WEDNESDAY 28 NOVEMBER
Silent protest—It’s a long way from where the shuttle buses stop to the Conference’s activities. Past security and identification card scanners, there is a long passage with airport-style people movers. And today, stationed all along these mechanical conveyors, were youth activists standing stonily still and silent bearing placards protesting that their voices weren’t being heard by the negotiators. “We demand recognition of our existence,” or simply, “we matter too,” the placards message was clear—“listen to us.”
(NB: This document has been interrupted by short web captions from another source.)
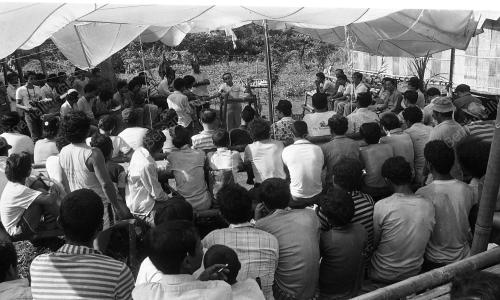 KB32_12082015_ORANG_ASLI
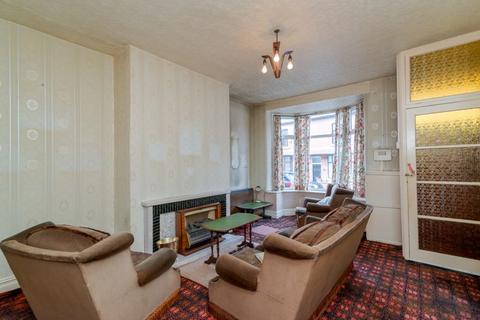 13 Bushell Street, Bolton, BL3 4HQ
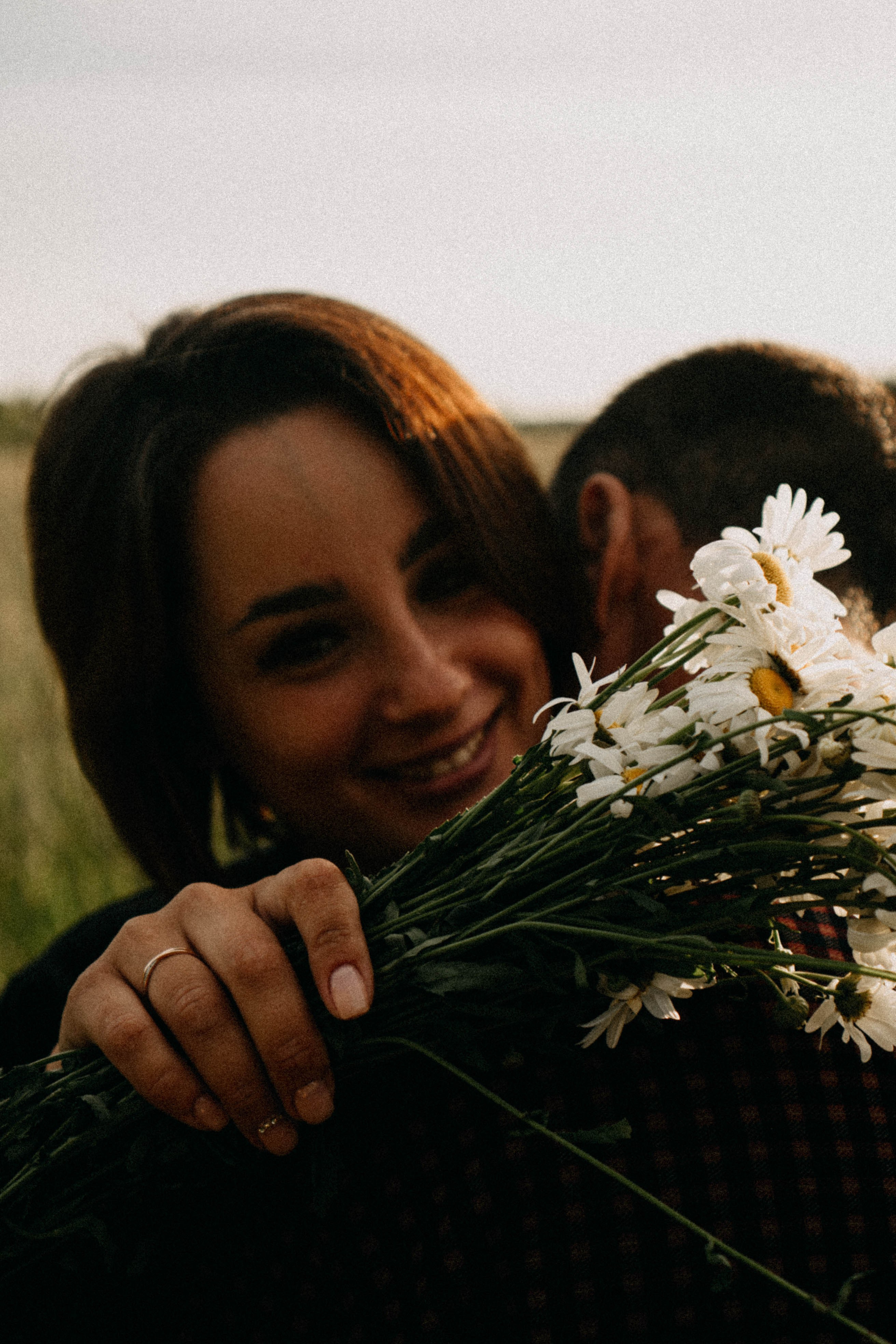 Летняя прогулка. Профессиональный фотограф, Санкт-Петербург — Виктория Богомолова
2012 was above average—The first 10 months of 2012 saw above average temperatures over most of the world’s land surface areas according to WMO, the World Meteorological Organization. The areas most affected were North America, southern Europe, western and central Russia and northwestern Asia. Warmer than usual conditions were also experienced in much of South America, Africa, South Asia and the Pacific. 2012 also saw record-breaking heat waves, major droughts in the United States, western Russia and southeast Europe, while western Africa and the Sahel, Pakistan, and parts of South America experience record rainfall and flooding.
Teaching for climate change—It is one thing just to raise awareness about climate change. It is quite another to educate people for living with climate change in the future. But for many youth attending the Doha conference, teaching awareness to their peers, along with other parts of society, seems essential to dealing with the causes and impacts of climate change. From China to Sri Lanka, Nigeria, or the UK, youth recounted how they are helping to educate others through scouting, government programmes, or schools, in ways that make things interesting. The upshot was that Educational institutions will have to shift their curricula to match the demands of a sustainable future and provide training to the youth of today to adopt more sustainable lifestyles, securing green jobs and a green economy in the future.
Toward the next IPCC report—The IPCC—the Intergovernmental Panel on Climate Change—puts out an assessment of the climate science every five or six years, and work is well underway on the next installment. The report, delivered in four parts, deals with the physical science, impacts, mitigation prospects and a synthesis that ties it all together. IPCC head Dr. Rajendra Pachauri told the Doha Conference today that an unprecedented number of approximately 3,000 nominations of outstanding scientists volunteered to work on the next report and that the IPCC selected 831 out as Lead Authors and Review Editors.
Pachauri said the Panel would look at the literature and the science performed since mid 2006 and would present a “much more comprehensive and extended view and understanding of a changing planet,” with for example a better appreciation of mass loss of the large ice sheets of Greenland and Antarctica where satellite missions planned in the 1990s now bear fruit. He said this is leading to a better understanding of ongoing sea level rise. And he said the report would also delve into the issue of clouds and aerosols, which are also significant for air quality and health.
Odds and ends—Qatar expects 17,000 people to attend the COP—they’re not all here yet, but the high-level portion of the Conference takes place next week, with the arrival of the UN Secretary-General and high level officials that may include several heads of state…. During the first two days of the Conference, 750,000 fewer sheets of paper were used than at the same time during last year’s Conference, the result of the UN’s PaperSmart initiative, which has made all documentation digitally available. It is estimated that 90 trees so far have been saved….An interesting NGO project unveiled today shows how people are being impacted by climate change in their own lives. The group, Climate Legacy, held up a big sheet in a hallway with big red stars on a world map to highlight where the impacts are.